The butchers appealed to the Supreme Court of the United States, where their attorney argued that the city’s decision to franchise a centralized slaughterhouse was both unreasonable and obstructive because it “compelled”
butchers to shutter their own shops. In doing so, the city had violated the butchers’ rights in favor of the Crescent City Live Stock Landing and Slaughter House Company. The judges disagreed. Nothing in the Louisiana law, they wrote in their 1873 ruling, “deprive[d] the butchers of their right to exercise their trade.” The law merely mandated the location where that slaughtering could occur. The Louisiana statute neither violated butchers’ rights nor constituted “deprivation of property.” In practical terms, the court ruled that the public’s health and welfare trumped private property and “natural” rights.

Butchers weren’t the only ones who resisted the new slaughterhouses. In 1874, the managers of the New York Central Railroad, owned by the Vanderbilts, announced plans to build a massive stockyard and abattoir in New York City at West 59th Street, not far from where the Plaza Hotel now stands. City leaders supported the project because the single big meat factory would eliminate the need for many small ones, but property owners living nearby wanted none of it. At the time, the neighborhood marked the northern edge of municipal development and was home to wealthy families who had moved there precisely because it lay far from the factories, butcher shops, and open-air markets that rendered much of Manhattan an intolerable nuisance. A bitter struggle ensued. The editors of the
New York Times
, who sided with the neighbors, pronounced the project an “outrage,”
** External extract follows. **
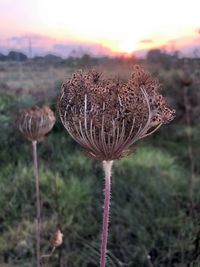 Close-up of wilted flower on field during sunset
the work of “a grasping monopoly.” Another man argued that the enterprise was “dangerous”
because the ensuing slaughter would “impregnate the air of the surrounding neighborhood with noxious vapors.” How could it be otherwise, he asked, given that this one facility would be conducting the “work of about one hundred ordinary-size slaughter-houses”? Another opponent pointed out that even after the city had passed an ordinance requiring butchers to move out of congested areas, fifty-three of them had defied the order. If city leaders could not rein in those “comparatively poor
and uninfluential” men, how could they expect to “control this immense corporation”? The arguments were to no avail. The Vanderbilts won, although no one could decide whether to credit that to the project’s public health merits or the wads of cash that Vanderbilt agents allegedly stuffed in the pockets of state legislators.